Goal of the exercise ::
Copy exactly the lines from the one containing "Don't worry, removing" through the last line of the records below, including both, and leave out any pictures.

Supplied information ::
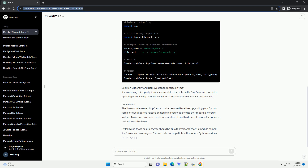Solution 2: Update Code to Use importlib Module. If upgrading Python is not feasible, you can update your code to use the importlib module, which provides the same functionality as imp.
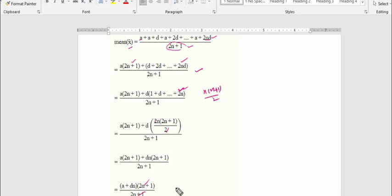The (2n+1) terms cancel, giving mean = a + nd.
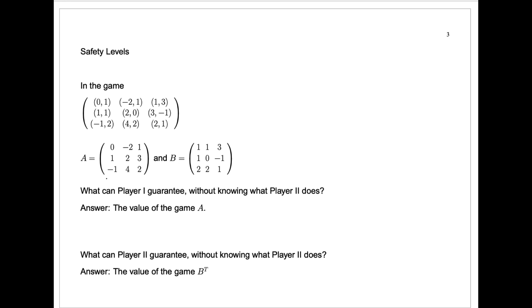I've chosen very simple matrices for this example. Can we solve this game for player one easily? The answer is yes. This number one is actually a saddle point of the matrix — it's the smallest number in the row and the largest number in the column. That means player one, by playing row two, can guarantee at least one. There's no better number player one can guarantee, since if player two plays column one, one is certainly the best player one can do. So the safety value for player one is one, achieved by playing row two — a pure strategy, because there was a saddle point.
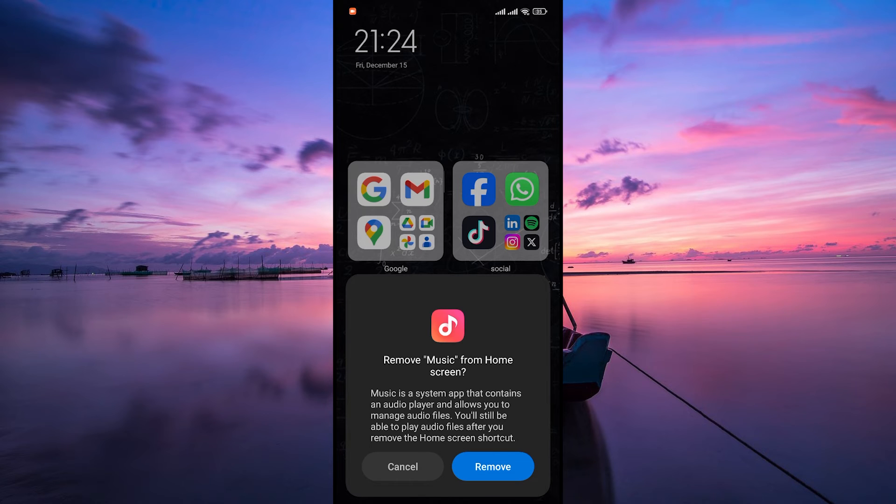Don't worry, removing the app icon from the home screen doesn't uninstall the app, it simply removes the shortcut from the screen.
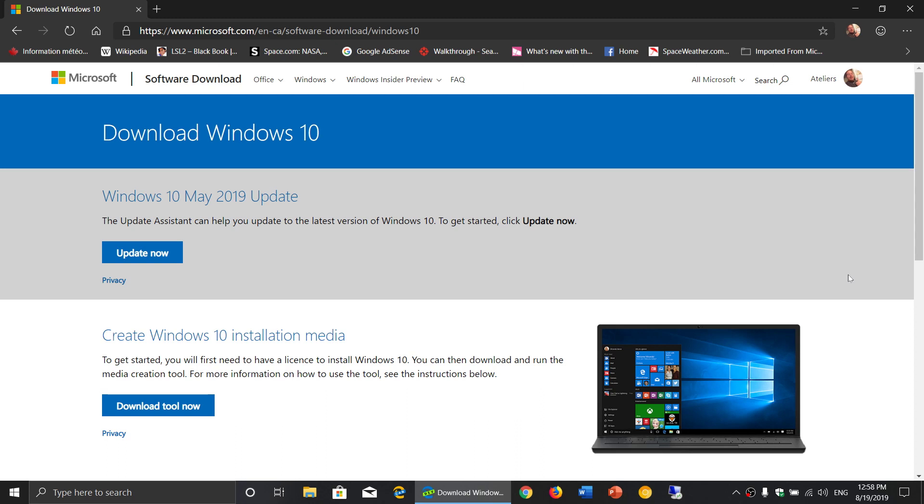But some of you have been telling me that you're stuck in an earlier version of Windows 10, something that is prior to April 2018 update of last year. And of course because of the cycle of 18 months to these versions of Windows 10...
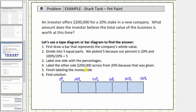Step four: label $200,000 across from 20%, because that was given. Down below, we'll label the money. We're given that $200,000 represents 20% of the value, so we'll label this $200,000. By doing this, we now know that every time we increase by 20%, we increase by $200,000. We also know zero percent of the value would be zero dollars.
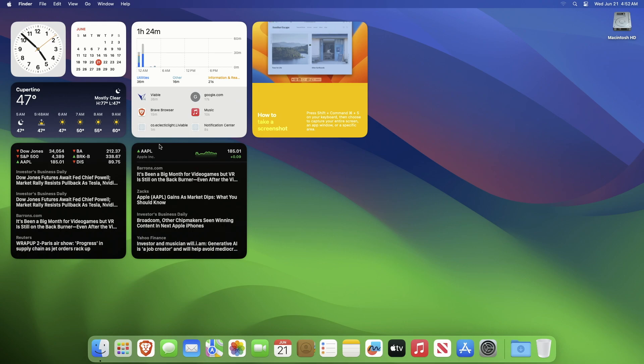After placing the widgets on your desktop, you can rearrange them if you wish or can even change their sizes.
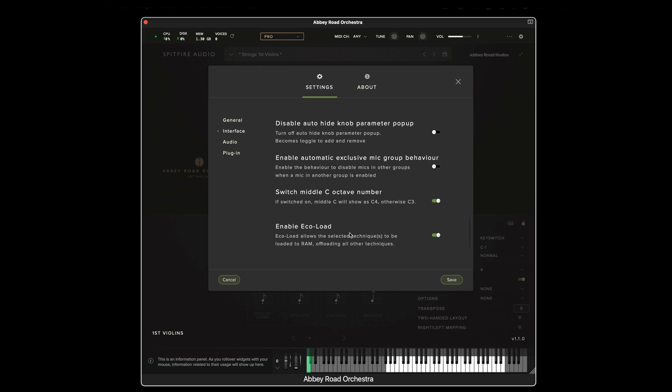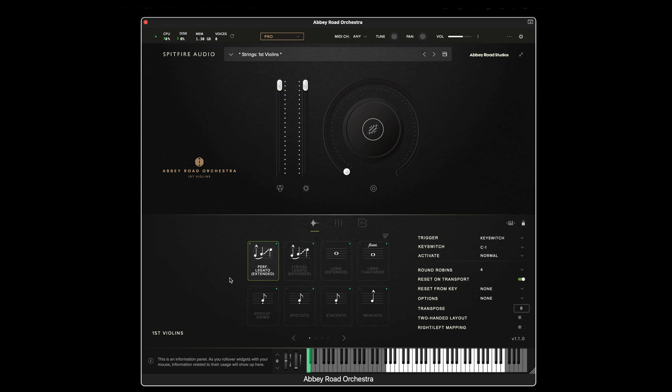So what is EcoLoad? Well, it allows selected techniques to be loaded into RAM only.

Output of the exercise ::
Don't worry, removing the app icon from the home screen doesn't uninstall the app, it simply removes the shortcut from the screen.
But some of you have been telling me that you're stuck in an earlier version of Windows 10, something that is prior to April 2018 update of last year. And of course because of the cycle of 18 months to these versions of Windows 10...
Step four: label $200,000 across from 20%, because that was given. Down below, we'll label the money. We're given that $200,000 represents 20% of the value, so we'll label this $200,000. By doing this, we now know that every time we increase by 20%, we increase by $200,000. We also know zero percent of the value would be zero dollars.
After placing the widgets on your desktop, you can rearrange them if you wish or can even change their sizes.
So what is EcoLoad? Well, it allows selected techniques to be loaded into RAM only.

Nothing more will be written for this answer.